では二人の共通点として私が尊敬していることは何か、というと、日露戦争に勝った日本を見て、「これはあぶないぞ」と感じたことである。ロシアは当時世界第一の陸軍国でナポレオンを裸にして追い払った国であり、海軍もイギリスに次ぎフランスと肩を並べる大国であった。そのロシアに対して日本は陸に海に連戦連勝し、白人優越という神話を現実に打破した。周囲には恐るべき国は一つもない(当時のアメリカは太平洋に大艦隊を持っていなかった)。そのうえ日英同盟によって日本は、外交上でも安定した地位を持っていた。どこを見ても日本は安泰である。軍隊の強さは超一流国の仲間に入る。国民はこのような強い軍隊に守られた帝国に生まれたことを心から誇りに思っていた。
しかしこの「強い軍隊こそが危険なのだ」ということを動物学的に言ったのが丘であり、文学者的、あるいは東洋哲学的に言ったのが露伴である。
恐竜はその体の大きさからいって無敵の動物であった。しかし、そのまさに「大きさ」のために絶滅するのである。小型のトカゲ類は絶滅していないのだから、超大トカゲ類の恐竜が滅んだ理由はその「強み」とされた大きさにあったといえる。またマケロズス虎はナイフのような牙を持っていたが、その牙が発達しすぎて顎を突き破るようになって絶滅した。それほど牙の発達しなかった他のネコ族は生き残っているから、これも「強み」とされた巨大な牙が破滅の原因であったといえる。同じように「日本が巨大な軍隊をつくったら、恐竜かマケロズス虎のようになる恐れがある」と丘は書いているのだ。しかも日露戦争の大勝利からそれほど経っていない時に、である。
露伴もそれほど違わない頃に、「惜福」の大切さを説いている。海に魚が豊富なのは日本の「福」だが、乱獲してその富を惜しむ心を失えば魚資源は涸渇するだろう。日本の兵士が勇敢なのは日本の「福」だが、それを乱用すれば国が危うくなるだろう、と。
そしていまから思えば、丘の言ったことも露伴の憂えたこともすべて当たっている。そしていま、日本人が、かつての強兵信仰のように無条件で「善」としている平等主義がいかに危険な考え方であるかを指摘する「反時代的」な言論は、大手マスコミや教育界や政治の場ではタブーになっている感じがする。現世における平等などはキリストも説かなかったものであることを、もっと認識すべきなのではあるまいか──と、この頃考えている。この考察を本書の表題にした。

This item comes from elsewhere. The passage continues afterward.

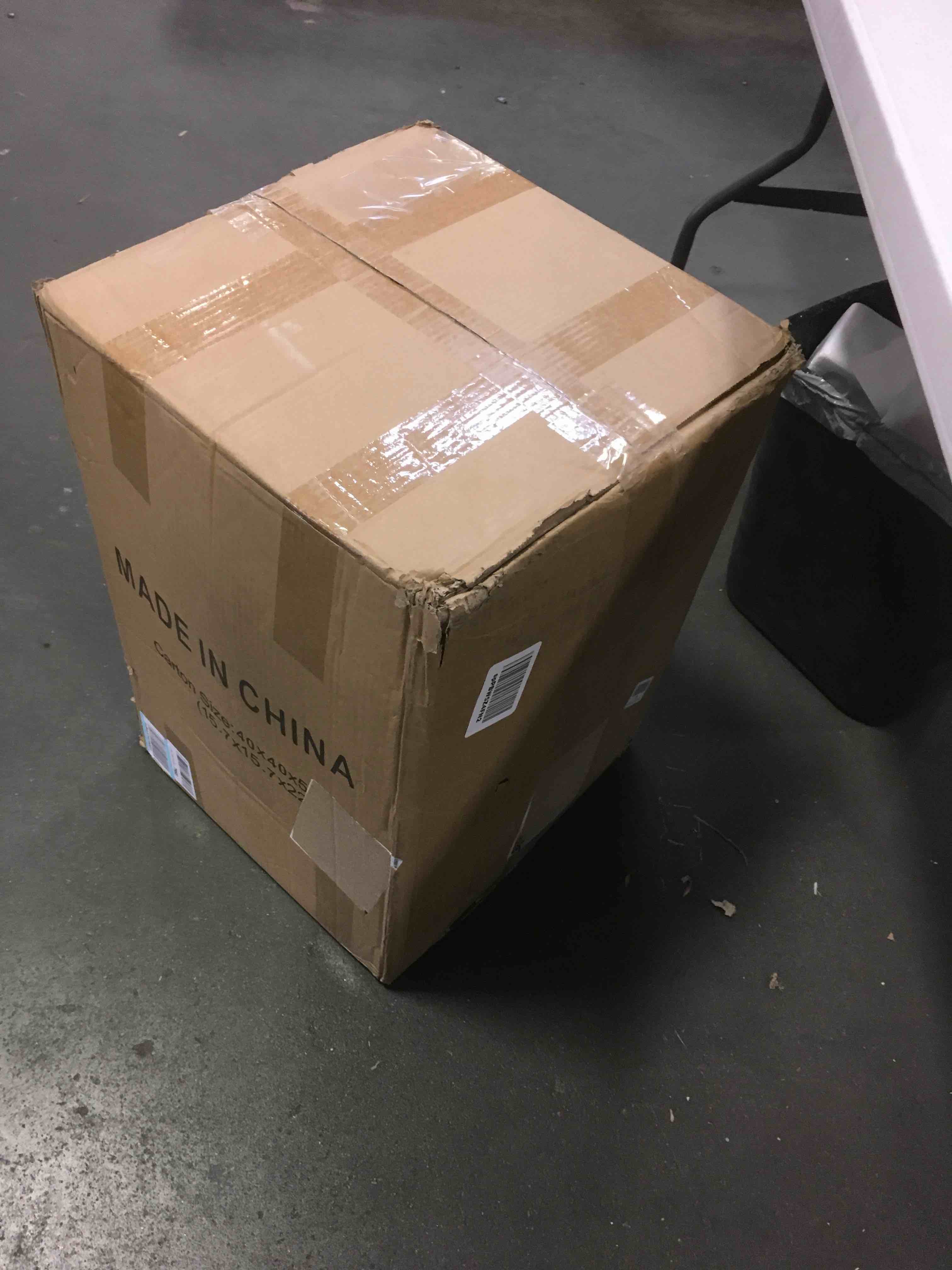 https://s3.amazonaws.com/lotting-images-prod/bidfta/BLU5820359_1706898913100.jpeg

また、日本にリーダーシップの欠如していることを、この前の大戦で実感した者として、もう一度、現代の問題としても考えてみたい。この前の戦争に至った道筋は、日本にリーダーがいなかったからだ、という一語に尽きることを忘れてはならないであろう。この二つの論考「信長のごとく“生き筋”を求めよ」「ふたたび“獅子の時代”がやってきた」は、元来は雑誌『正論』(産経新聞社)に掲載したものである(不平等主義に関するものは今回書き下ろした)。
他の比較的短い考察は雑誌『Voice』(PHP研究所)に掲載したものである。いずれも多少は「反時代的」な内容のものだと思う。まさにそれゆえに読者のためにいささかでも思索の糧として役立ってくれれば幸いだと思う。本書はPHP研究所学芸出版部の白石泰稔氏の御厚意でまとめられたものである。厚く御礼申し上げる次第である。